As we celebrate Earth Day 2021, the world of sustainable investing is undeniably expanding –more investors are becoming aware of its promise, and more money is flowing in. Still, investors have questions: do my investment dollars make a difference? Does Sustainable Investing help bring about change and lead (or force, in some cases) companies to behave in a genuinely more “sustainable” way? And can we still drive for economic growth in the present while making good decisions for our future?
The Good News
The short answer is yes. Sustainable Investing is bringing about a shift in how companies behave in three ways: more investors are signaling their support of sustainable investments, there is a growing demand for sustainable investing options, and there is more and better reporting of companies’ sustainable efforts.

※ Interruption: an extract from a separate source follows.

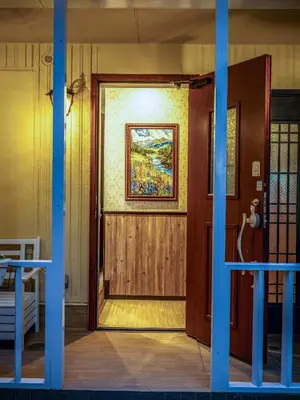 a door leading into a room with a painting on the wall at tsukiji 2min,V101,Ginza 10min in Tokyo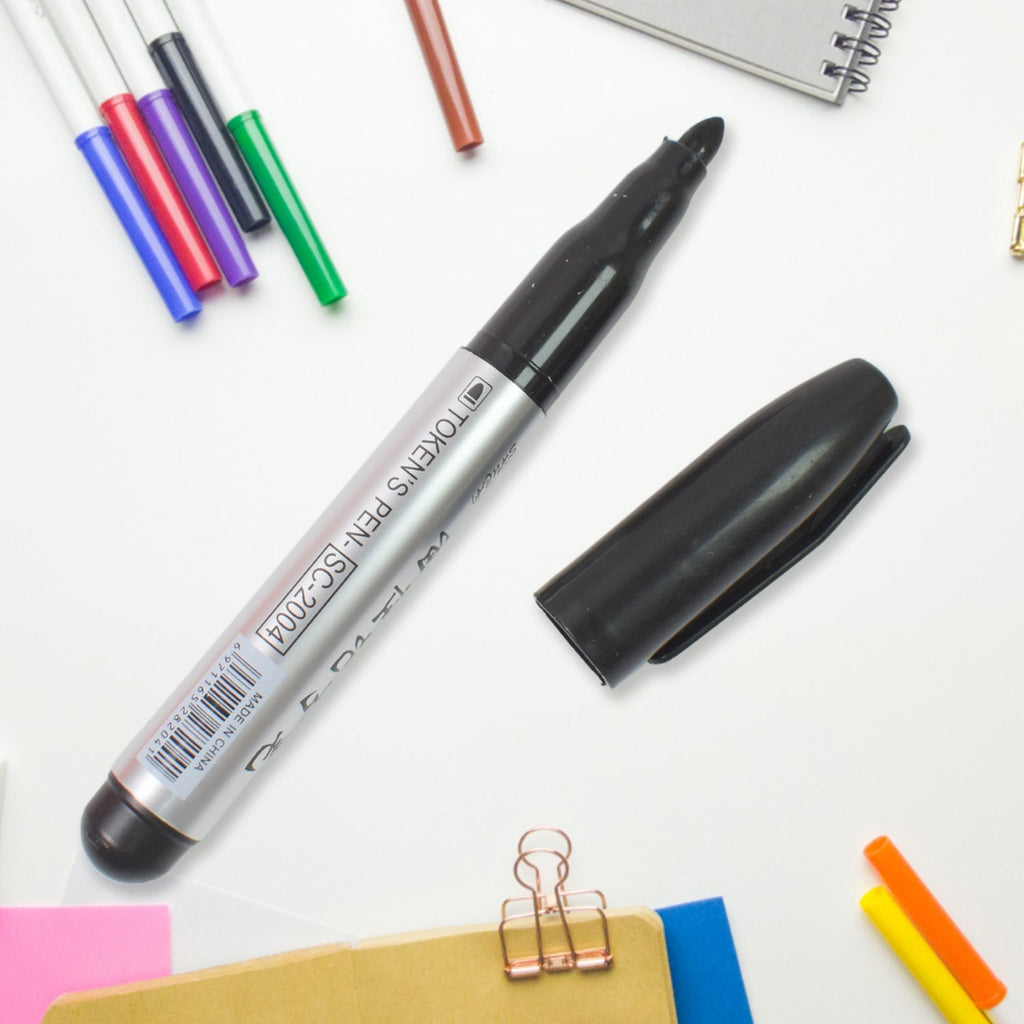 Hand holding a black marker, writing clearly on a notebook, illustrating its use.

It’s Not Just a Dollar – It’s a Ballot
In a 2017 survey, Morgan Stanley reported that more than 70% of investors were “interested in investing along sustainability lines.” In 2012, a total of $3.74 trillion was invested under sustainable mandates in the United States; in 2018, there was $12 trillion – a nearly fourfold increase in six years. It is now estimated that one out of every four professionally managed dollars in the United States is invested with consideration for sustainability.

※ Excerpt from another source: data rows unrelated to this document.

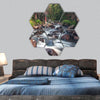 mountain stream flowing through forest between boulders hexagonal canvas wall art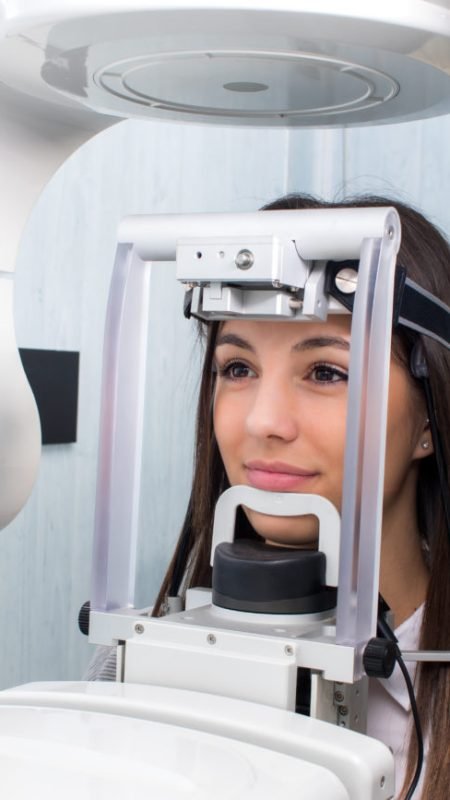 Close up head shot of girl taking dental tac with cephalometric panorama x-ray machine in clinic.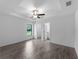 Main bedroom with trey ceiling, tile floors, and en-suite bathroom access at 4453 Lagoon Ter, North Port, FL 34286
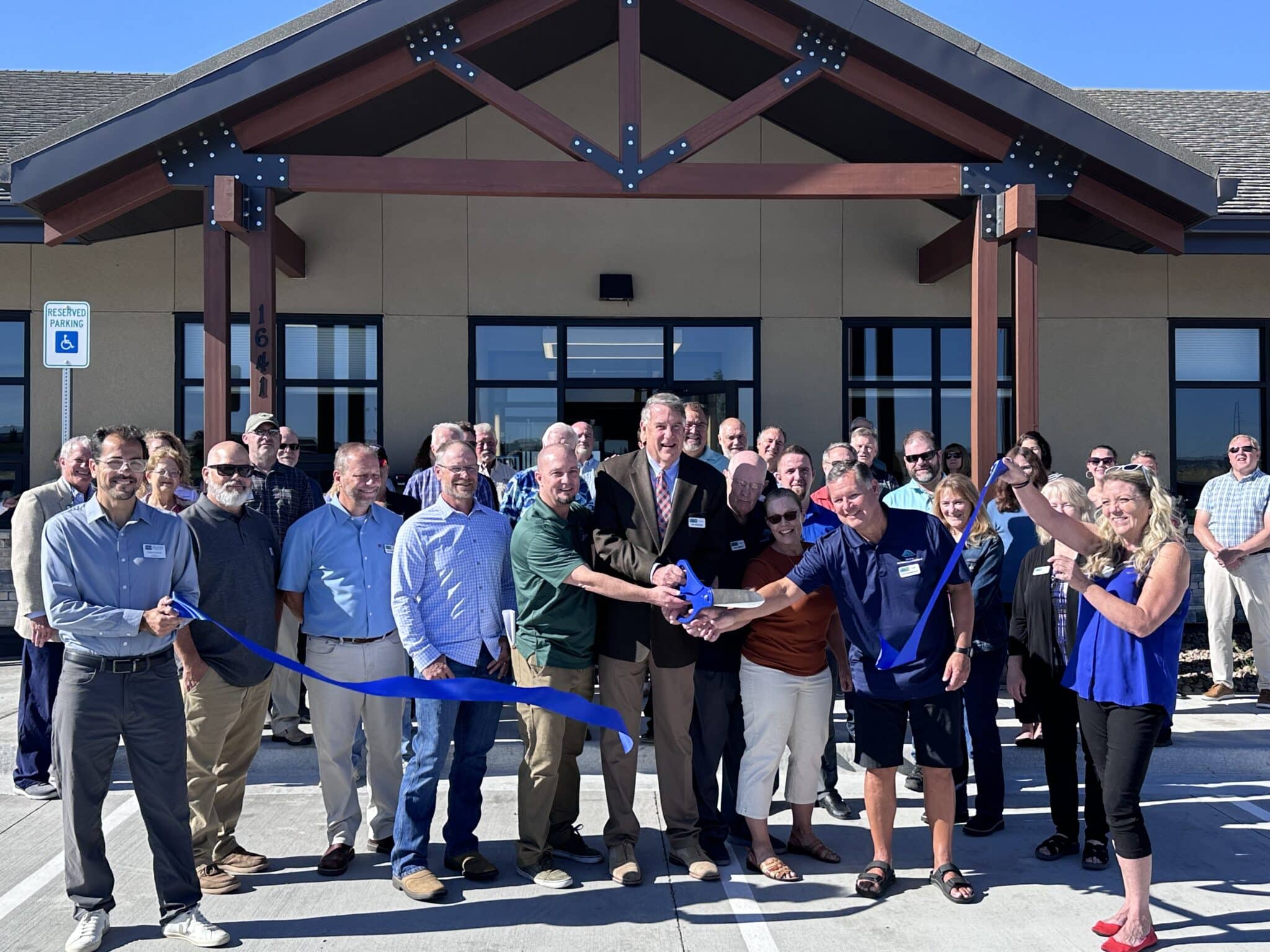 Crowd celebrating the Triview ribbon cutting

Your investment dollars can help influence the corporate world toward change on a broad range of environmental and social issues. Investors are pushing corporations to focus less on short-term and bottom-line only approaches and more on longer-term goals that consider several environmental and social issues. Companies are also moving away from considering only their shareholders, toward representing a broader group of “stake holders,” which includes their employees, customers, local communities, and more broadly, future generations and the planet.

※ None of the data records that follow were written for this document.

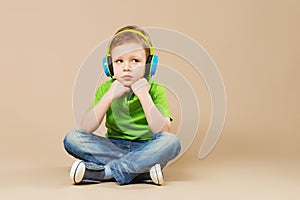 break dance kids. little break dancer showing his skills in dance studio. Hip hop dancer boy performing over studio background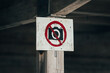 © VICTOR TORRES/Stocksy - No Photography Allowed Sign on Wooden Post with Red Circle and Slash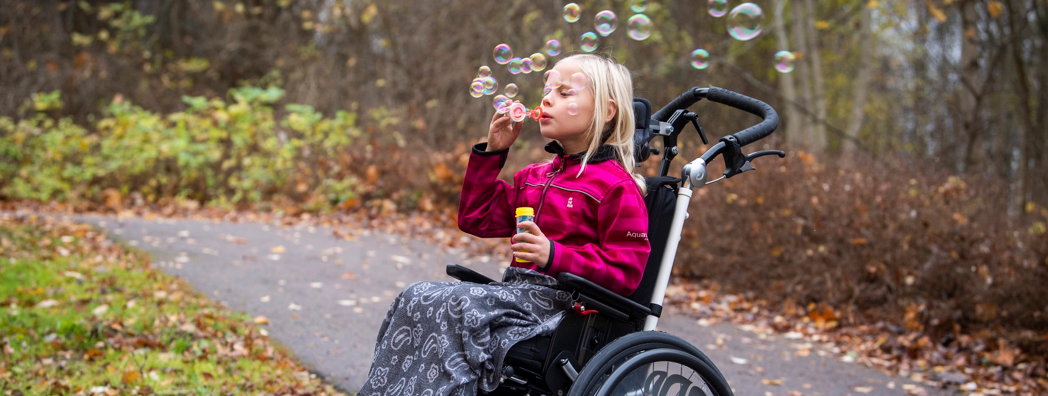 En flicka sitter i rullstol och blåser såpbubblor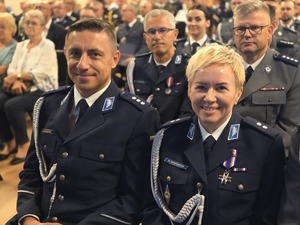 Policjant i policjantka w mundurach.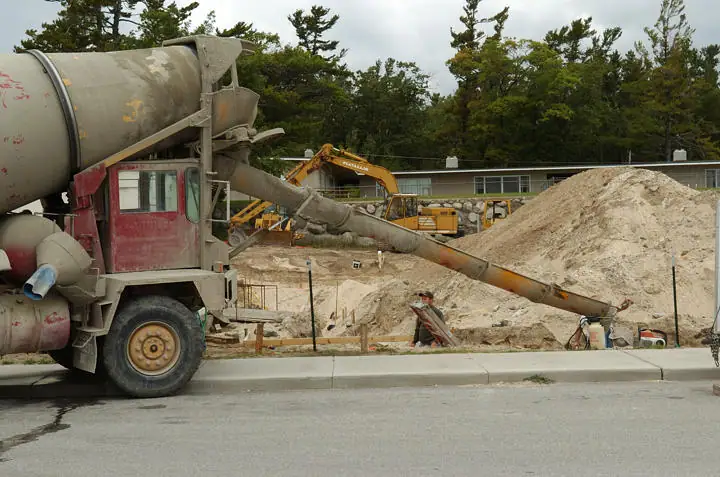 A concrete mixer truck pours material through a chute at a construction site beside an excavator.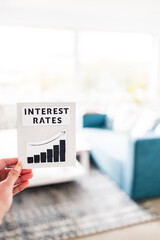 property affordabilikty and home loan payment increases, hand holding interest rates sign with graph showing stats going up in front of living room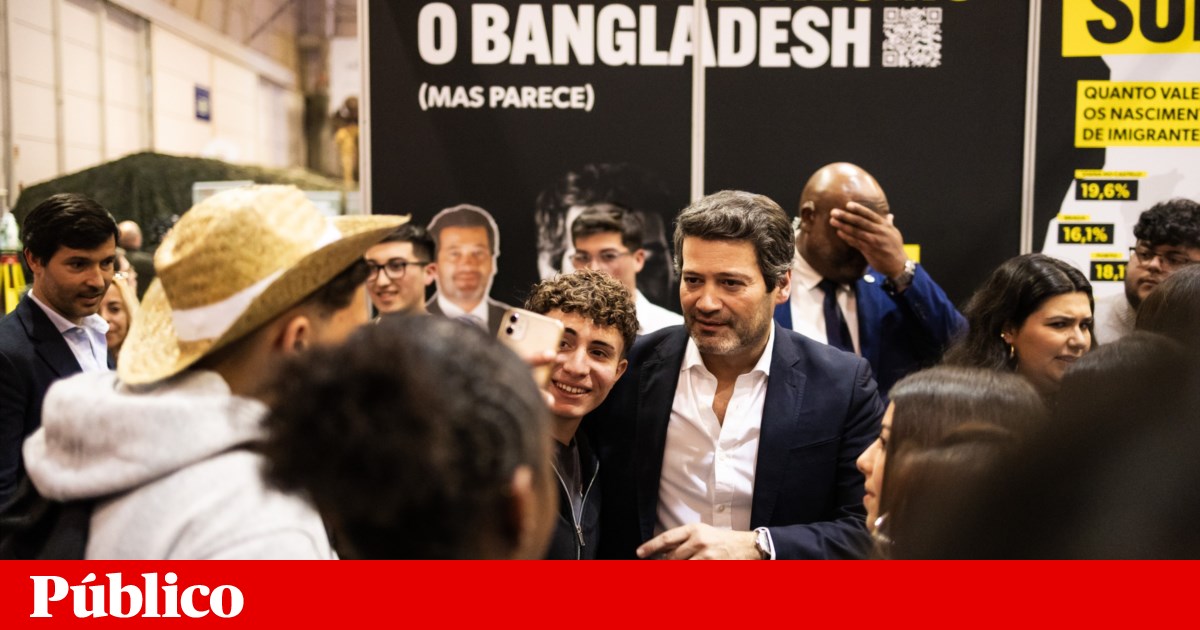 Education fair hosts Chega stand with anti-immigration posters linked to the 'Great Replacement' theory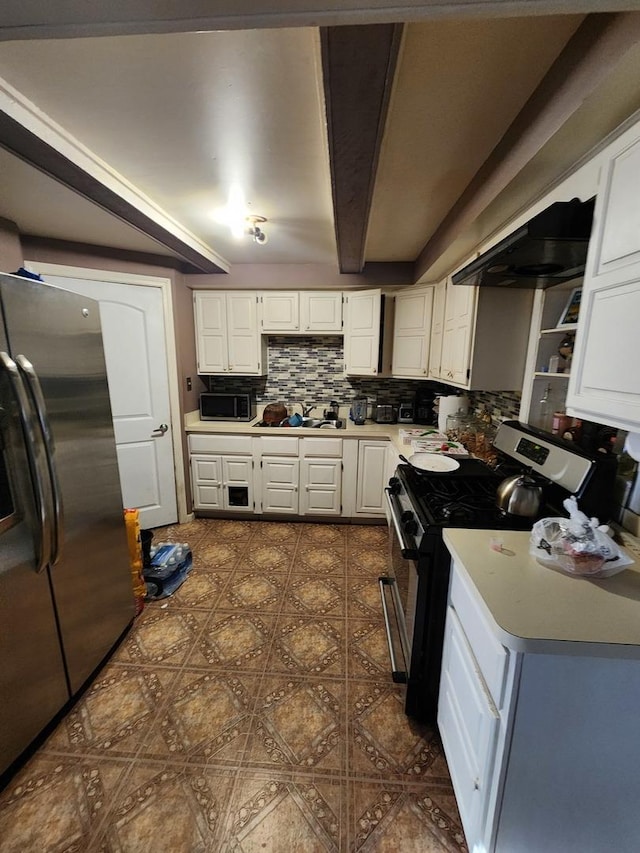 kitchen with white cabinetry and stainless steel appliances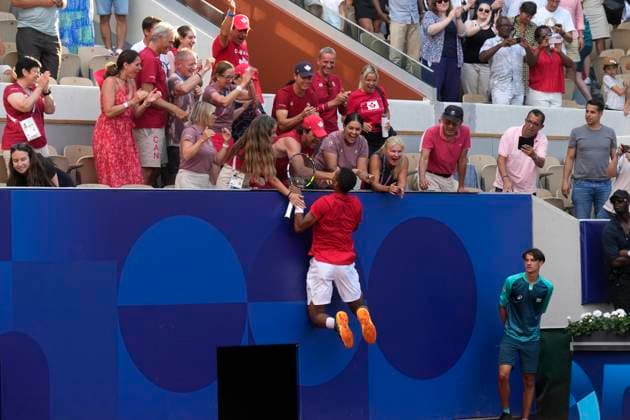 August 2, 2024, Paris, France: Canada s Felix Auger-Aliassime celebrates with supporters after winning the mixed doubles bronze-medal match against Demi Schuurs and Wesley Koolhoof of the Netherlands at the Summer Olympics in Paris on Friday, Aug.2, 2024. Canada News - August 2, 2024  - ZUMAc35_ 20240802_zaf_c35_032 Copyright: xAdrianxWyldx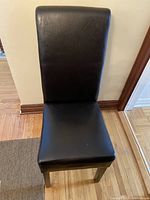 Front view of one black synthetic leather dining chair showing seat and high backrest with wooden legs.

Growth in Investing Options
As a reflection of the rising demand for sustainable investment options, there has been a significant increase in the number of investment options that both explicitly focus on sustainable investing or at least now “consider” sustainability factors in their decision-making process. There are now more than 300 dedicated sustainability funds in the US alone and another 564 that consider environmental, social, and governance (ESG) factors (up from just 81 in 2018).
BlackRock, the world’s largest fund manager, announced in early 2020 their strong support of sustainable investing, with a commitment to “place sustainability at the center of our investment approach.” Every sustainability fund has its focus and methodology of how it invests and how it votes on behalf of its shareholders. Some funds screen out specific business sectors or types of companies that profit from areas they deem undesirable. This is where much of the sustainability movement began – with funds that excluded companies operating in apartheid South Africa or with religious groups refusing to invest in companies that don’t uphold their core beliefs (like tobacco, alcohol, exploitive labor practices, the manufacture of munitions, etc.).
A Nuanced Approach
Other sustainability funds are more nuanced in their approach. While they might not like a particular sector, they will include companies making material changes to how they operate and plan for a more sustainable future. They focus on best-in-class companies and are more inclusive. However, they can and will exclude any number of worst-in-class companies or sectors they believe do not fit in with the overall vision.
Many sustainability funds also vote shares supporting environmental efforts or any number of social issues (e.g., improving hiring and pay practices around racial and gender diversity). Some companies are more explicitly aggressive – they can push ballots to vote on these issues that the board or the company do not necessarily support – or they can be relatively supportive of management and work with them to create change over the longer term. The idea is that if you have a positive relationship with the board and management, you are more likely to get them to accept change over the long term versus a more aggressive approach.
The Broader Ecosystem
In support of the investment process, a robust ecosystem of nonprofit and for-profit entities has emerged to define and track how well companies engage with their sustainable practices. Organizations such as Sustainability Accounting Standards Board (SASB), Global Reporting Initiative (GRI), and International Integrated Reporting Council (IIRC) are nonprofit organizations that help set uniform and consistent standards on how companies report material environmental information to investors. Thousands of companies now report on these standards, including almost 95% of the largest 250 companies in the world. The establishment and widespread acceptance of these agencies has led to a dramatic increase in the depth and breadth of information available.